My dorm days took place in the early 80’s (so now you know I’m almost 50). These were the happiest times I remember. I moved from home and roomed with my cousin.
You could say that our dorm experience was a sheltered one for which I’m very grateful. When a boy came down the hall, they’d need to announce it.
Our focus was studying and getting to know each other. We spent our time looking for a ride, and helping each other jump-off broken down car batteries.
We were not set on partying, though we did grow up in the time of Haight-Ashbury’s counterculture, peace lovers, and the flower children. We felt fortunate to have parents who sent us to college, and we did not want to disappoint them.
College should be a place to grow and to learn. I now have two of my own children in dorms. Much of their experience is similar to ours, but several things have changed.
Here are a few of the obvious changes to me:
1. Students arrive with cell phones and computers. My mother could only get in touch with me when I was in the dorm room. It was important to be there at times so that she could say hello. These days, however, it’s not even important to have a phone. Students use their computers and cell phones to communicate, and I, for one, love this change.
2. Campus mail is not very important. When did I last mail a letter? I have no idea. I don’t even know how much a stamp costs now. In the olden days, though, I’d stop by my campus mailbox ever so often hoping to find a letter of any type. Even junk mail was welcomed.

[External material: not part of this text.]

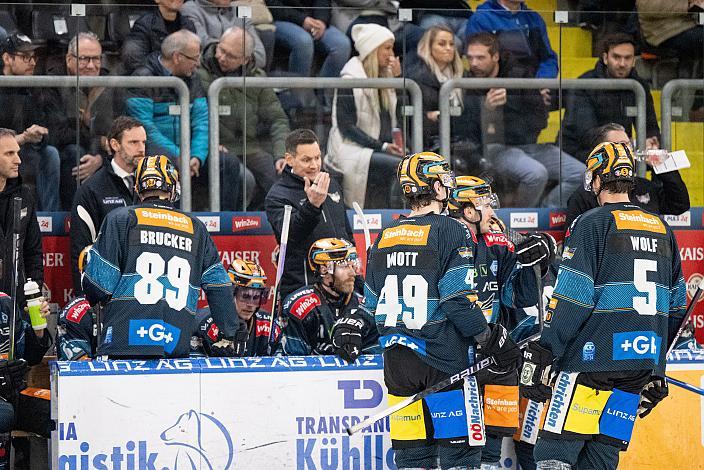 Die Spielerbank der Steinbach Black Wings Linz mit Head Coach Philipp Lukas (Steinbach Black Wings Linz)  Steinbach Black Wings Linz vs EC Red Bull Salzburg, Linz AG Eisarena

3. Food options have changed. Since we weren’t out partying, the campus knew that we would surely come to the cafeteria and eat too much of their food, I guess. It seems that our group of friends living on campus were always trying to find ways to make sure we could eat enough before our meal plan ran out. Our children are just the opposite. It’s hard to find a meal plan for them so that food is not going to waste. Their meal plans even allow them to eat at fast food restaurants right on campus.
4. Values have diminished. It seems that we could not have gone downhill from the 70’s, but in reality, it’s not true. Putting my daughter into a co-ed dorm where girls and guys live on the same floor was our only freshman option. I must say that I was horrified. Knowing more about what goes on in this setting is even more unsettling.
Thankfully, there are still a few students who want to be at college to study and learn. I’m just wondering if there are enough to sustain our future.
Even as I write this, I know it sounds “old fogie.” Yet, that’s just what I am, I guess.
The brain caviar I offer today is to ponder the question, “Will these dorm rooms provide us with future leaders to sustain us when we retire?”